*Your instructions*
Copy every entry exactly as it reads and exclude whatever pictures appear.

----- Input

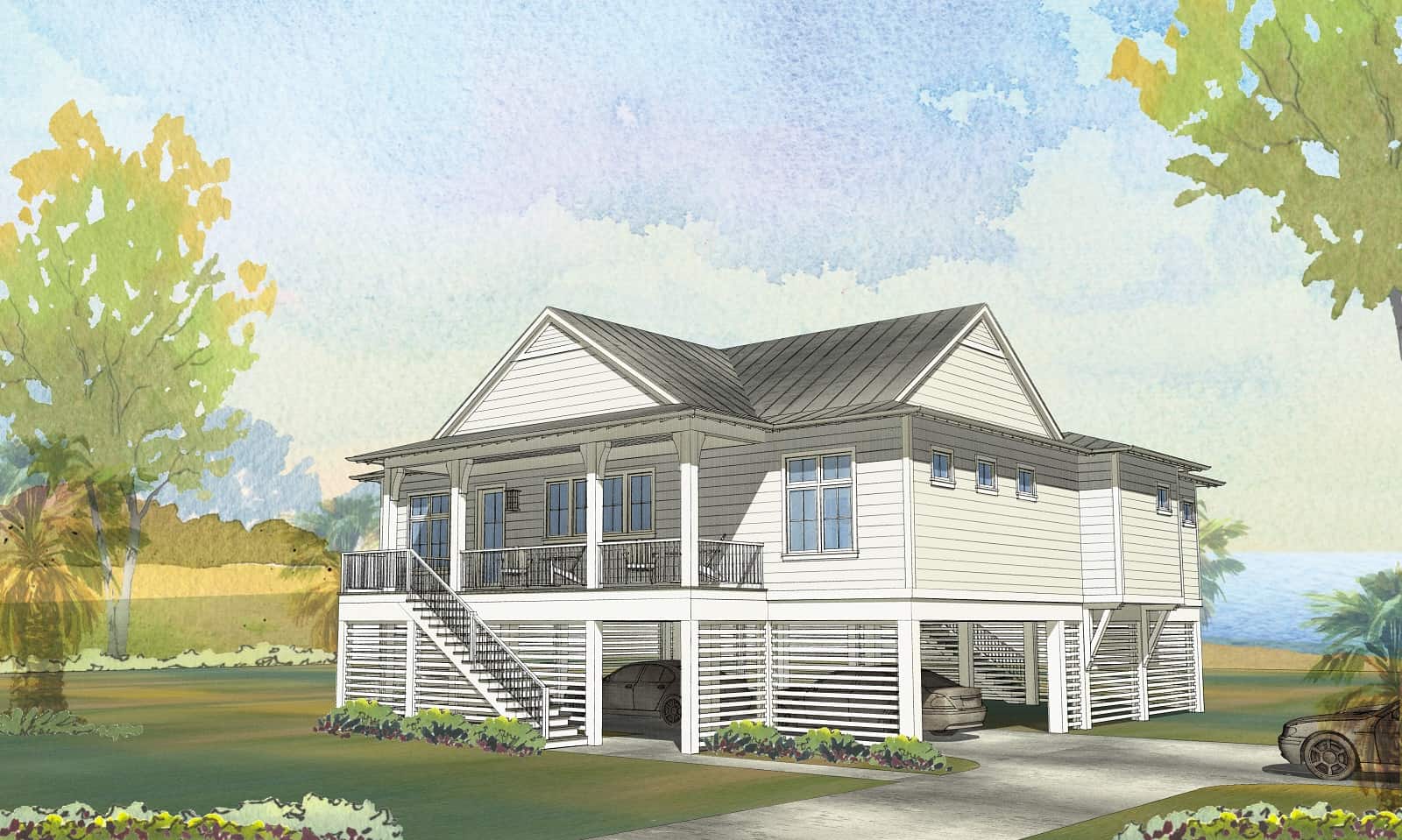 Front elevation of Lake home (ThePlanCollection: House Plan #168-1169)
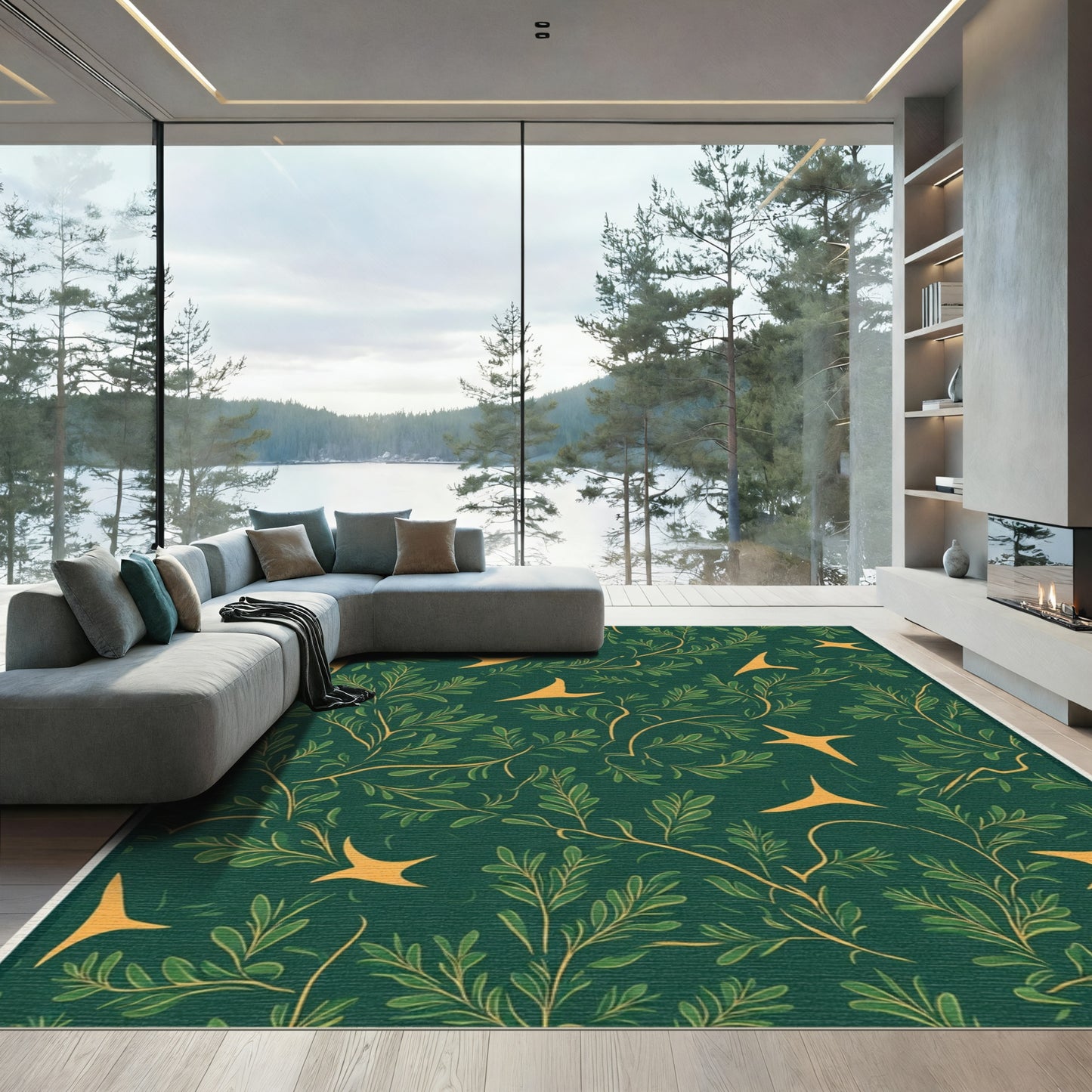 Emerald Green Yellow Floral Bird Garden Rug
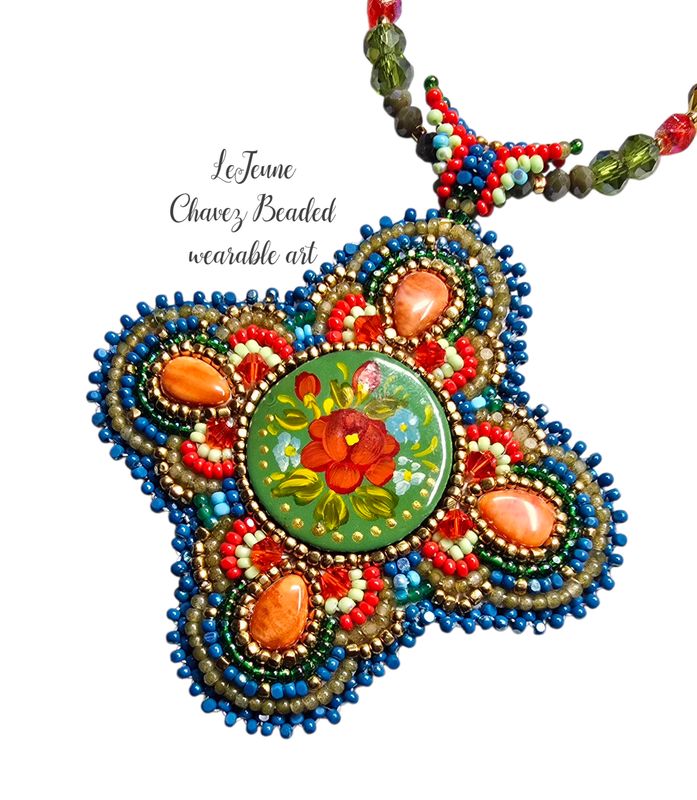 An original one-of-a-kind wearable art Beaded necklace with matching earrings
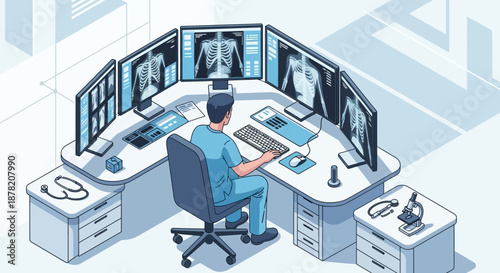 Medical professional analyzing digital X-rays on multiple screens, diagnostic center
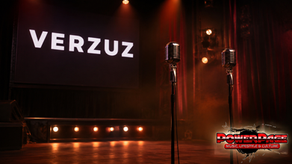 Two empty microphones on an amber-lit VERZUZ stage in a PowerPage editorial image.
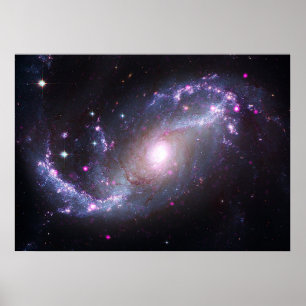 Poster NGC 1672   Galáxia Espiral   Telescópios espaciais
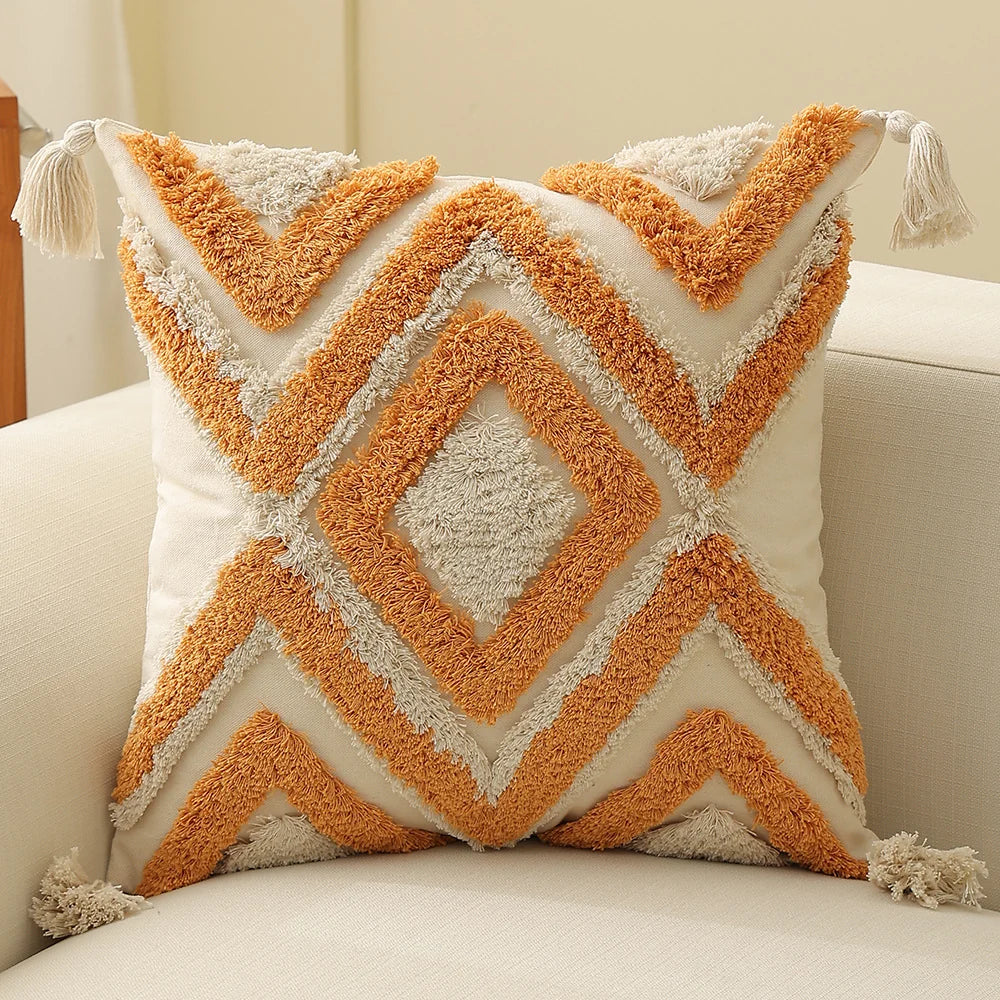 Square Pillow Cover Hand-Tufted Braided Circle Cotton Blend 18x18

----------

*Solution for this exercise*
 Front elevation of Lake home (ThePlanCollection: House Plan #168-1169)
 Emerald Green Yellow Floral Bird Garden Rug
 An original one-of-a-kind wearable art Beaded necklace with matching earrings
 Medical professional analyzing digital X-rays on multiple screens, diagnostic center
 Two empty microphones on an amber-lit VERZUZ stage in a PowerPage editorial image.
 Poster NGC 1672   Galáxia Espiral   Telescópios espaciais
 Square Pillow Cover Hand-Tufted Braided Circle Cotton Blend 18x18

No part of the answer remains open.